カナダにおいて、OpenAIと同社CEOが生成AIの出力を巡って提訴される事例が発生しました。本記事では、このニュースを起点に、AIの「ハルシネーション(幻覚)」が引き起こす法的リスクと、日本企業が安全にAIを活用するための実践的なガバナンス構築について解説します。
生成AIの出力が引き起こす法的リスクの顕在化
最近、カナダにおいて銃乱射事件の被害者家族が、OpenAIと同社CEOのサム・アルトマン氏を提訴する出来事がありました。報道によれば、この訴訟は同社の生成AIチャットボットに関連して提起されたものとされています。詳細な事実関係や裁判の行方は今後の推移を待つ必要がありますが、このニュースは「AIの出力結果が現実世界の個人や組織に影響を与え、訴訟に発展するリスク」がグローバルで現実のものとなっていることを明確に示しています。
ハルシネーションと名誉毀損のジレンマ
大規模言語モデル(LLM)は、膨大な学習データに基づいて「確率的に自然な言葉」を繋ぎ合わせる仕組みであり、事実確認を行う機能そのものは持っていません。そのため、もっともらしい事実無根の情報を生成してしまう「ハルシネーション(幻覚)」という現象を完全に防ぐことは困難です。特に、事件や事故、個人の経歴といったセンシティブなテーマにおいてAIが誤った情報を生成・拡散した場合、名誉毀損やプライバシー侵害といった深刻な法的トラブルを引き起こす可能性があります。企業がAIを利用・提供する際、この技術的限界を理解しないまま運用することは、重大なコンプライアンス上のリスクを招く恐れがあります。
日本の法規制・商習慣を踏まえたリスク対応
日本のビジネス環境においては、企業が提供するサービスや情報に対して非常に高い「正確性」と「信頼性」が求められます。AIが事実と異なる情報を生成し、それが原因で顧客や第三者に損害を与えた場合、日本の法制度下でも不法行為責任や名誉毀損などに問われるリスクが存在します。また、法的な責任だけでなく、レピュテーション(企業の評判)の失墜という観点でも大きなダメージを受けかねません。業務効率化を目的とした社内利用であっても、誤ったAIの出力を鵜呑みにした結果、誤った経営判断を下したり、対外的に不適切な情報発信をしてしまうリスクに対する備えが必要です。
プロダクトへの組み込みとガバナンス構築の実務
日本企業がAIを自社プロダクトや新規事業に組み込む際、リスクをコントロールするための技術的・組織的な対策が不可欠です。技術面では、AIに外部の信頼できるデータベースや自社データを参照させる「RAG(検索拡張生成)」の導入が有効です。これにより、根拠のない情報生成をある程度抑制できます。また、プロンプトエンジニアリングによってAIの回答範囲を制限し、不適切な出力を検知・ブロックするフィルタリングシステムの構築も重要です。組織面においては、AI利用ガイドラインの策定や社内教育の徹底に加え、ユーザーインターフェース上で「AIの出力は必ずしも正確ではない」という免責事項を明確に提示し、人間の目による最終確認(Human-in-the-loop)を前提とした業務プロセスを設計することが求められます。
日本企業のAI活用への示唆
本件から読み取るべきポイントと、日本企業の実務に向けた示唆は以下の通りです。
・AIの技術的限界を前提とする:ハルシネーションの発生確率は下げられても、ゼロにすることはできません。センシティブな情報や事実関係の正確性が問われる領域での利用には細心の注意を払い、AIの出力を盲信しない業務プロセスを構築することが重要です。

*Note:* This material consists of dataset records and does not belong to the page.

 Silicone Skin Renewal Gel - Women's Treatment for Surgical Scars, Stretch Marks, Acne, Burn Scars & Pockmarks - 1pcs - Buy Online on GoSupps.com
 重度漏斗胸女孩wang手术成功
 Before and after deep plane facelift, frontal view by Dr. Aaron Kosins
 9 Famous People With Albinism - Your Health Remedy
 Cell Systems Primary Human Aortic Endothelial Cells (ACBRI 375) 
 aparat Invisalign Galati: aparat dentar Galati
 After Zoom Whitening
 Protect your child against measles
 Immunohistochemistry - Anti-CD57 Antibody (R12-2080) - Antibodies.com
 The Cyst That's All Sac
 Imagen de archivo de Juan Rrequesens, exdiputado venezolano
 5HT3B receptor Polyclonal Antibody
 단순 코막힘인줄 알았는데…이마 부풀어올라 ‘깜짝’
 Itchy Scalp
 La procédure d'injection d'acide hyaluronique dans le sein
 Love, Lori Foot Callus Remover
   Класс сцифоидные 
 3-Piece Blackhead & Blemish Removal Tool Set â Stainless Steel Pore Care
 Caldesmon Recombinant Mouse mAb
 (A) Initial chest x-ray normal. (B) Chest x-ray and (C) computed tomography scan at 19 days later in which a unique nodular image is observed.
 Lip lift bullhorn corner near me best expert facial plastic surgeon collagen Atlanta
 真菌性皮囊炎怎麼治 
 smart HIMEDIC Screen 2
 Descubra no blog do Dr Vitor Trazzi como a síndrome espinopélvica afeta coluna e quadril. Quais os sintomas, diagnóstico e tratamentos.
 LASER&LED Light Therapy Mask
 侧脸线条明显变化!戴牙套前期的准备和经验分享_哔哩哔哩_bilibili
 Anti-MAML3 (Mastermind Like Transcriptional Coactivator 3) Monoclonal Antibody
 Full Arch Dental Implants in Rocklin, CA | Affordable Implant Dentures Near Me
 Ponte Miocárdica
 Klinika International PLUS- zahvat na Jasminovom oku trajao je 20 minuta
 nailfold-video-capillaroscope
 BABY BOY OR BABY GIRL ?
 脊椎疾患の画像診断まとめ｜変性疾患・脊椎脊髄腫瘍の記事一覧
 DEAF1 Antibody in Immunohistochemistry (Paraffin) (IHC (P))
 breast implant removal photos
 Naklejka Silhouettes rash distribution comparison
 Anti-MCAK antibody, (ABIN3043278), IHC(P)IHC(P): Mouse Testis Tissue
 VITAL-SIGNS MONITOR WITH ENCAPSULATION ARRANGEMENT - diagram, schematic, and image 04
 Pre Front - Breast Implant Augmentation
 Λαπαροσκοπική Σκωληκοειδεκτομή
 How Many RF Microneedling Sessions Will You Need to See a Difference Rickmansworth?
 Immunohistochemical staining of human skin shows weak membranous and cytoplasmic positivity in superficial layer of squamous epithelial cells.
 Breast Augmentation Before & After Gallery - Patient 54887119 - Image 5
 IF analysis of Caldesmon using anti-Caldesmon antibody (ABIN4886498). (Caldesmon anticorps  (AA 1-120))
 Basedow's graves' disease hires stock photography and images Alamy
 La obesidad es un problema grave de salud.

・責任の所在と免責の明確化:自社サービスに生成AIを組み込む場合、ユーザーに対する透明性の確保と適切な免責事項の提示が必須です。あわせて、万が一不適切な出力が確認された際の報告ルートや対応フローを事前に整備しておく必要があります。
・技術とプロセスの両輪でガバナンスを効かせる:RAGや出力フィルターなどの「技術的対策」と、ガイドライン策定や人間による確認プロセスといった「運用的対策」を組み合わせることで、リスクを許容範囲に抑えつつ、業務効率化や新規事業創出といったAIのポテンシャルを安全に引き出すことが可能になります。